1

I need to find out what the default file encoding is on a remote Java vm, in a Java program.

Is there a way to execute Charset.defaultCharset() on the remote vm and get its value back... without altering the program running on the remote jvm?

Update:

I am trying to find out what the default Charset is for a WebLogic 11g or WebLogic 12c server... that I did not start, cannot restart and I do not have the 'right' to deploy code onto it.

I also need to be able to determine the default Charset of the server process from inside a Java program that I am writing. It may execute on the same machine as the server... or not. It is very doubtful that the the server and my program will start with the same environment.

I would prefer a method which depends on very few assumption... so that usually means more code...

I probably cannot execute Charset.defaultCharset() on the server... so I should not have said 'execute Charset.defaultCharset()'. Sorry about that folks. I need to do something that will provide the answer that is as correct as executing Charset.defaultCharset() from inside the server process.

vkraemer
  • 9,864
  • 2
  • 30
  • 44
  • 1
    Why can't you modify the program? – Alex W Feb 17 '13 at 16:02
  • @alex-w : I do not have the source for it – vkraemer Feb 17 '13 at 16:06
  • @Jayan : VisualVM has an API that I can use in my Java program? – vkraemer Feb 17 '13 at 16:14
  • @ vkraemer : It comes with lot of plugins, not sure how to add to java program. There may be some thing useful to you. What is the platform? – Jayan Feb 17 '13 at 16:17
  • @Jayan : jdk 6, Hotspot VM... it would be nice if the answer would apply to JRockit, but that is not a primary requirement. – vkraemer Feb 17 '13 at 16:28
  • I think you need to add more information to your question about the constraints for a solution. Is this a problem you have with a single deployment, or do you need a generic and scalable solution for many deployments? Do you have access to the machine running the application? if yes, what can/can't you do and what OS is it? Is the app running inside a container of some form (servlet, ejb, OSGi)? How strict is 'without altering the program`, eg. can you start the JVM process with an altered CLASSPATH? Can you influence the startup of the application in any way at all? etc... – unthought Feb 17 '13 at 19:14

3 Answers3

3

Edit: After writing my answer, I discovered that it's at least partially based on a faulty assumption, in that Charset.defaultCharset() isn't guaranteed to always return the same value. Some of the approaches below should still work provided that they're tried on the same host as the target application, but I certainly recommend to also read the first two answers of this question for more background.

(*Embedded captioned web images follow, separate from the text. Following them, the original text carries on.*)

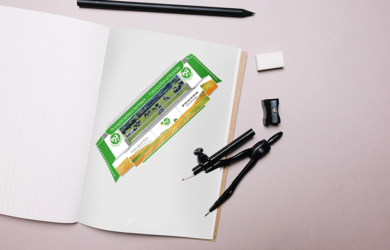 Remorque de marché Gaec de La Thau La Pommeraye, Maine-et-Loire, graphiste, Studio Paruline, Mauges-sur-Loire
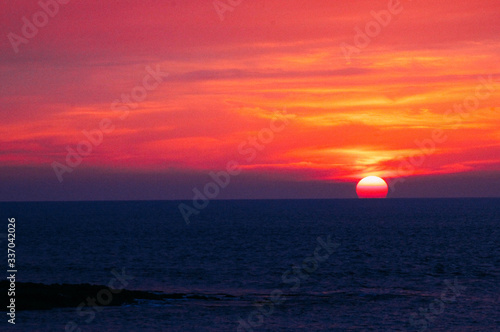 sunset over the sea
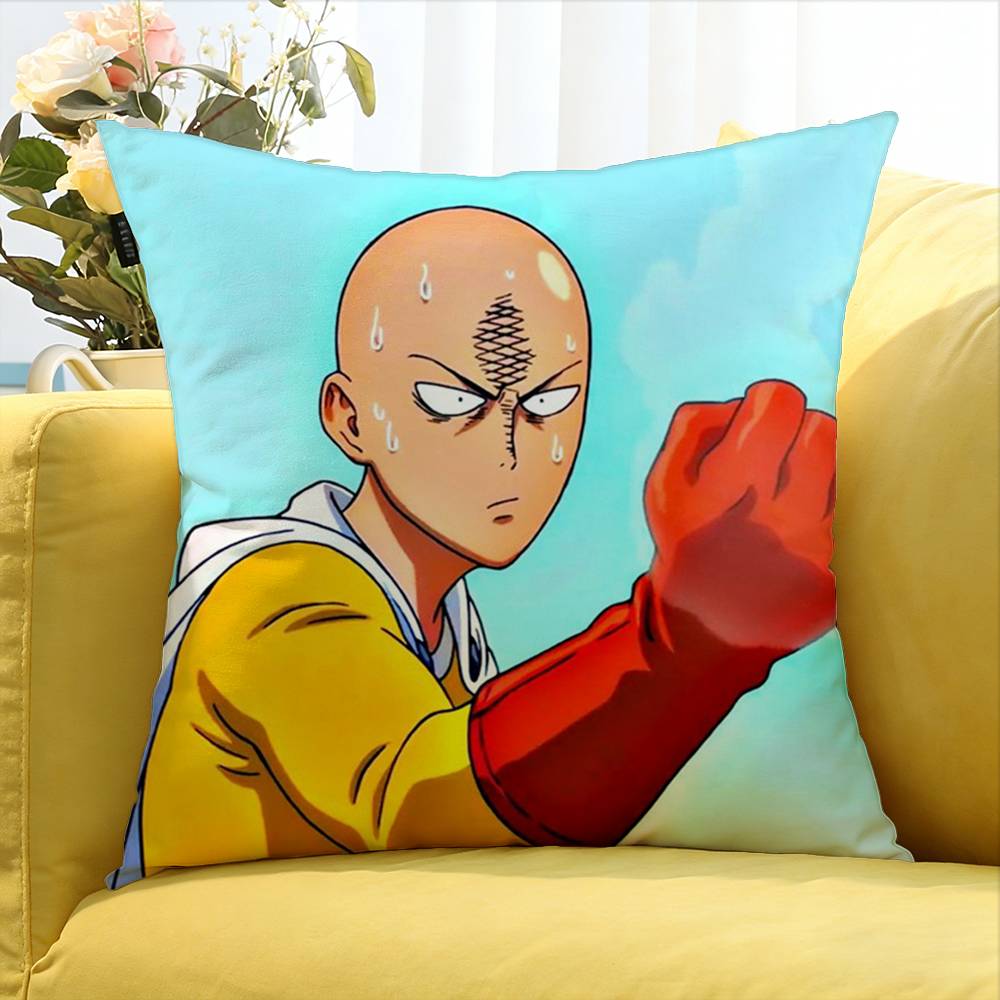OnePunchMan World Various Sizes Square Pillow Case For Car Home Bedchamber Decor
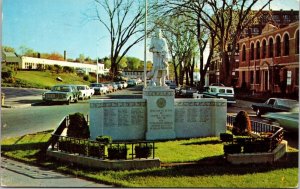 United Italian American Veterans Memorial S Main St Springfield MA Postcard UNP 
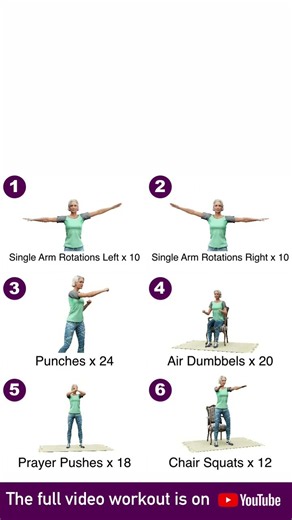 Boost Your Heart: 20 Min Seated Workout for Seniors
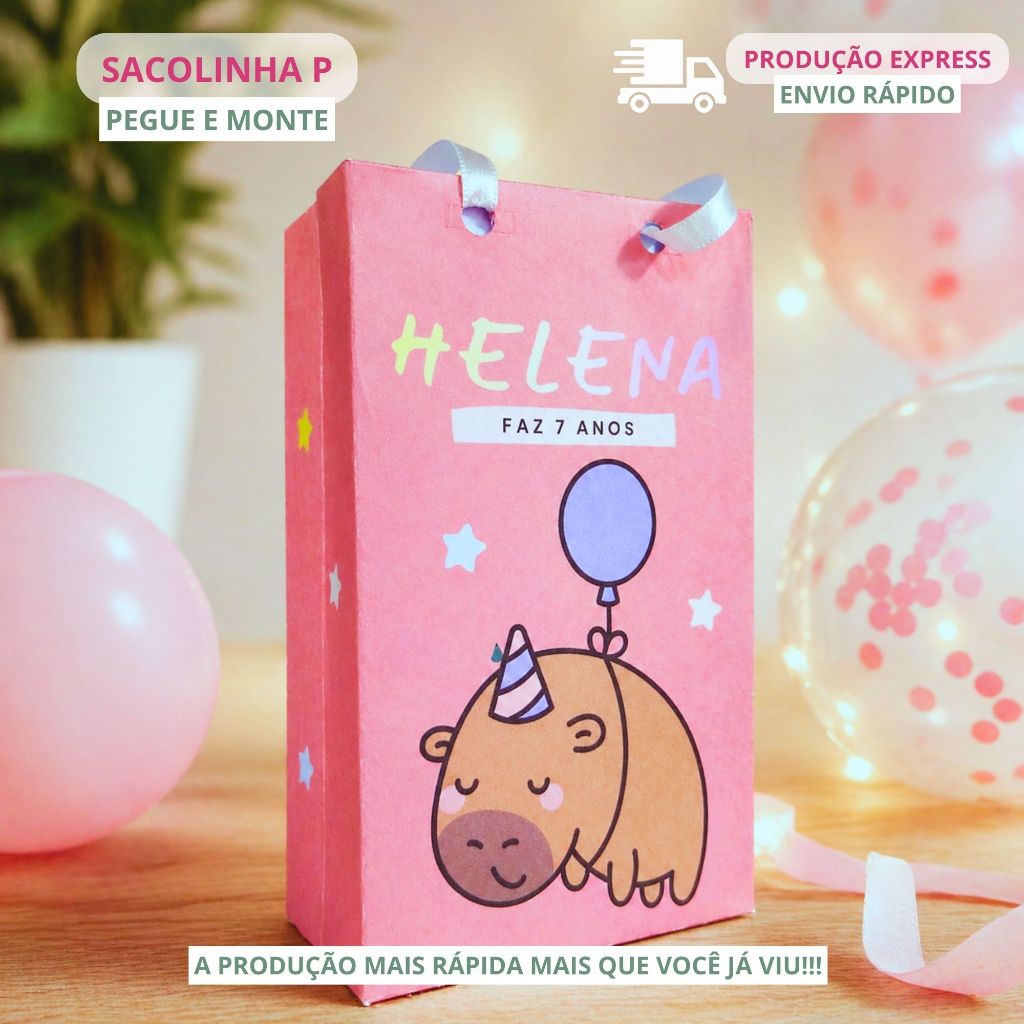 Sacolinhas Personalizadas Escolha seu tema / Lembrancinha Festa Infantil / Sacola Surpresa
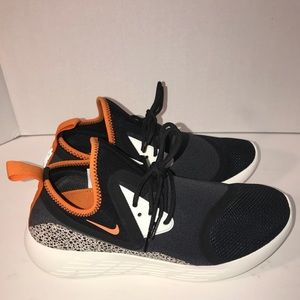 NIKE Lunarcharge BN black white orange safari sz 9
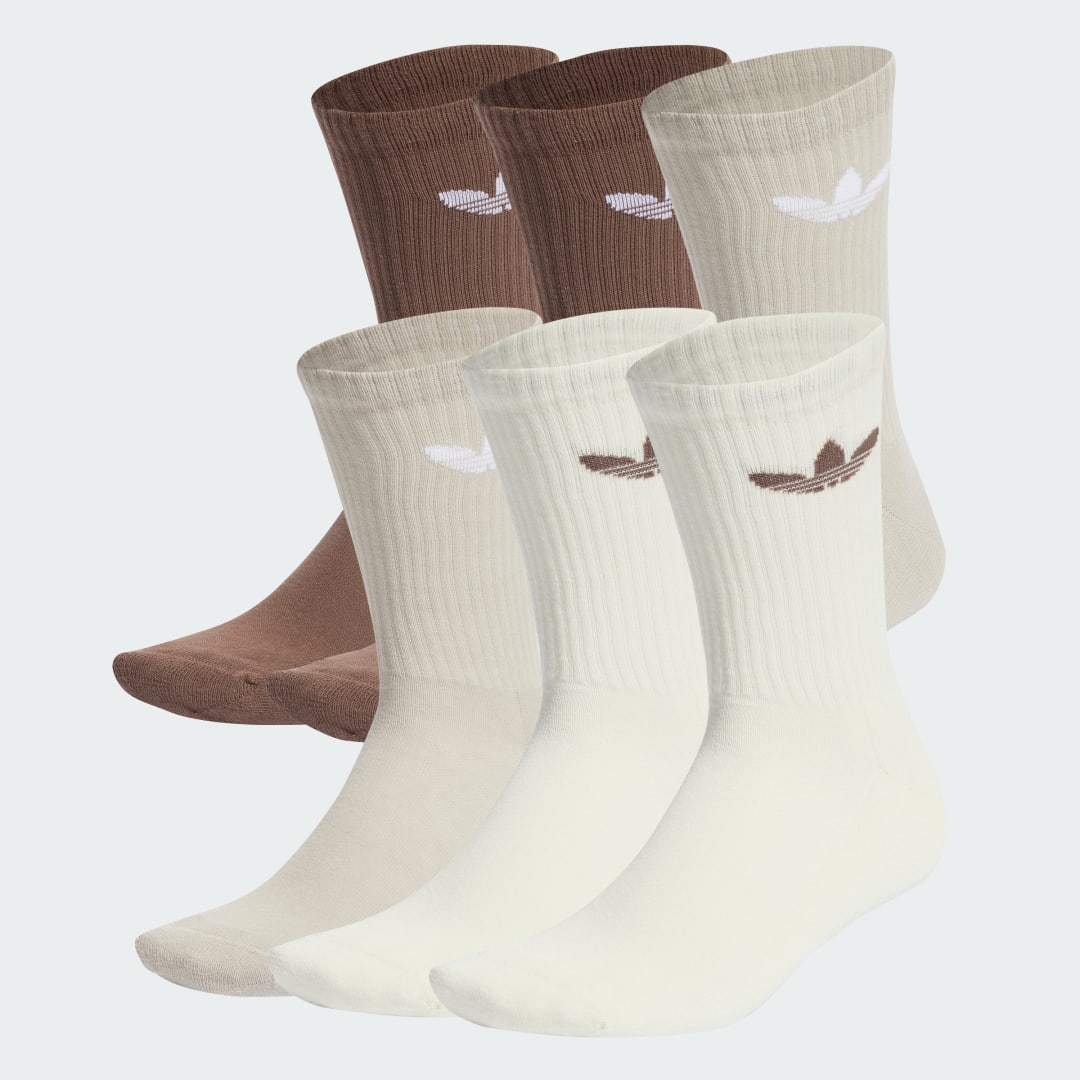 Ponožky adidas Originals Trefoil Cushion Crew Socks –⁠ 6 pairs Rôznofarebný | IT7570, 1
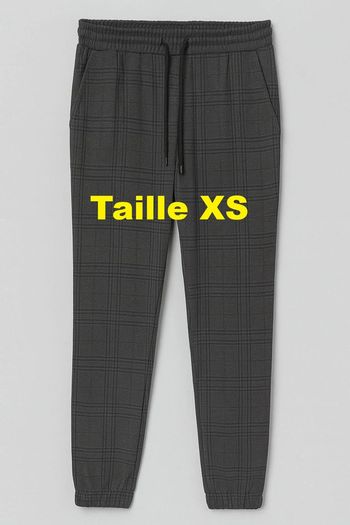 Pantalon de sport gris avec cordon Frilivin Taille XS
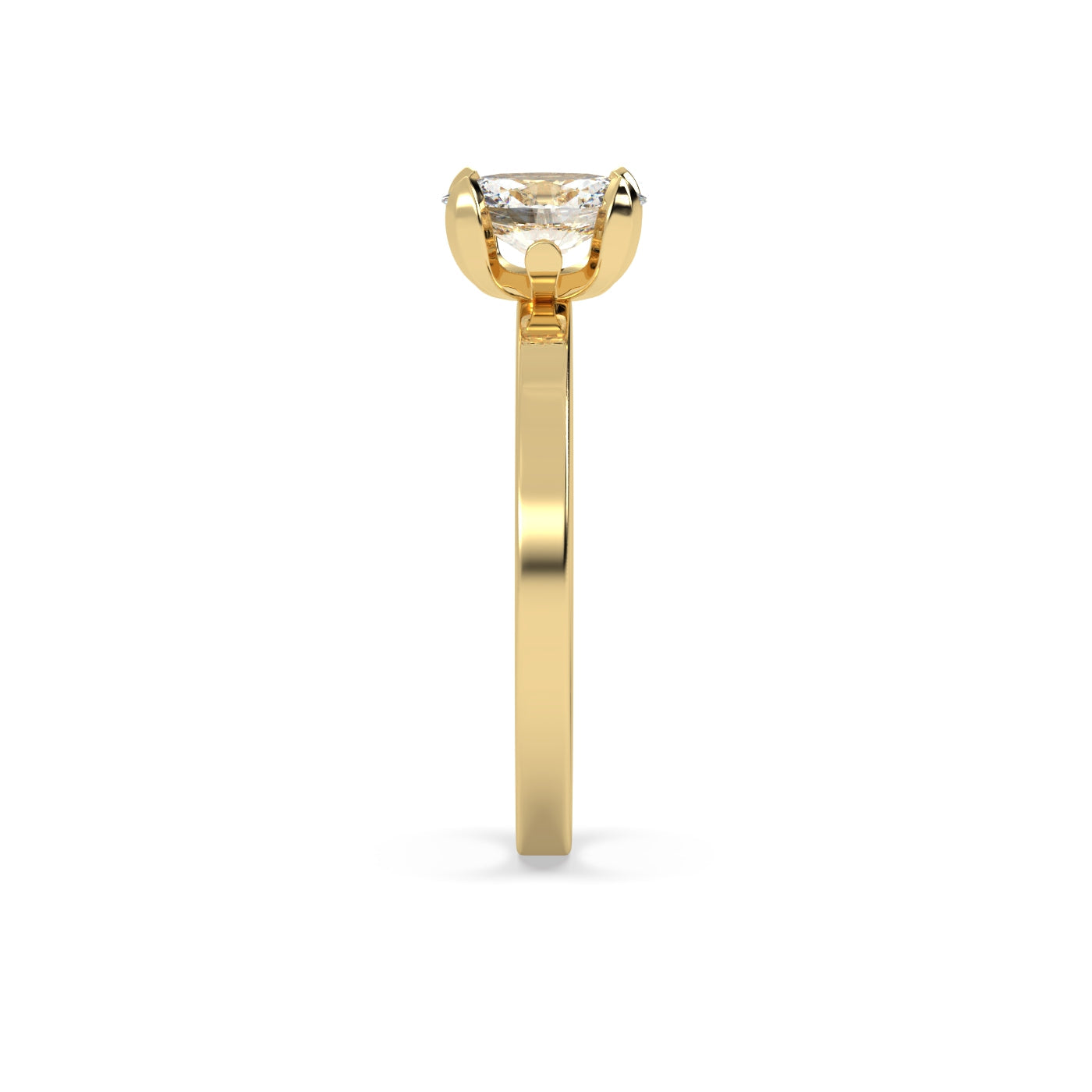 Fleur de Luce 1ct Oval Diamond Engagement Ring with Solitaire Setting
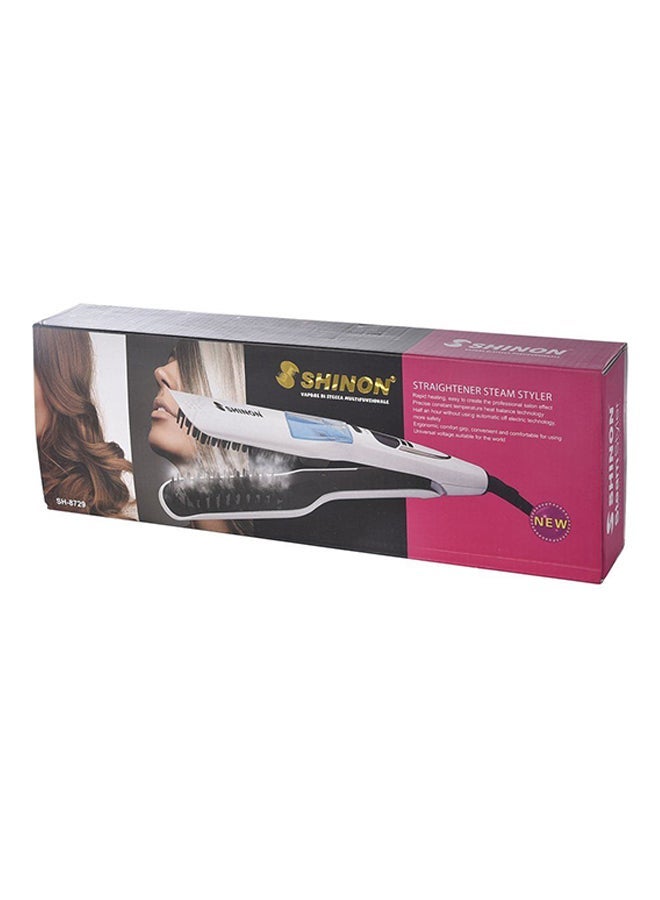 Steam Vapor Hair Straightener Brush With LCD Screen - Image 4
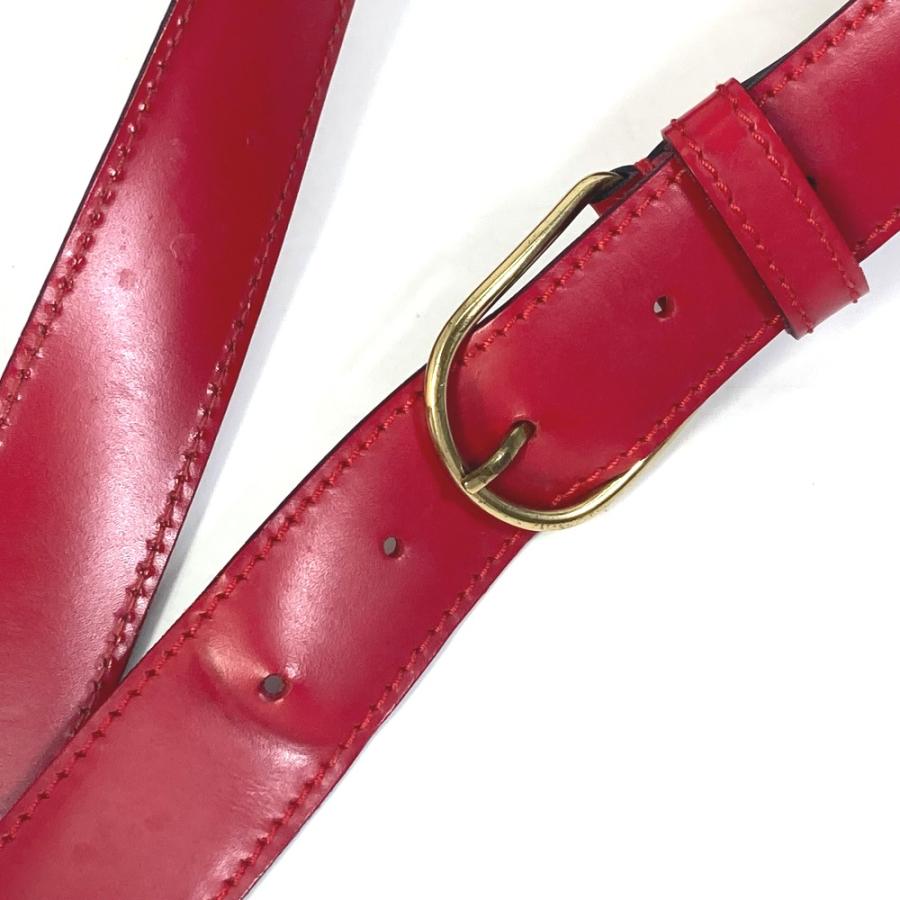 ルイヴィトン LOUIS VUITTON サックデポール M80193  エピ 肩掛け ショルダーバッグ エピレザー カスティリアンレッド レッド LOUIS VUITTON（ルイ・ヴィトン） M80193 エピ サックデポール 肩掛け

In particular it might be easier to forcibly override file.encoding instead of trying to figure out what it actually is.


As the javadoc of defaultCharset states:

The default charset is determined during virtual-machine startup and typically depends upon the locale and charset of the underlying operating system.

Meaning that defaultCharset() is read-only inside the JVM process and will return the same charset for all JVM processes started on the same machine unless their environment has been changed explicitly prior to starting the process (eg. a wrapper/launcher script starting the JVM and setting a different locale for the current process and its children). If you're sure sure that the two processes are started in the same way, then Charset.defaultCharset() should return the same Charset as the application you're asking for.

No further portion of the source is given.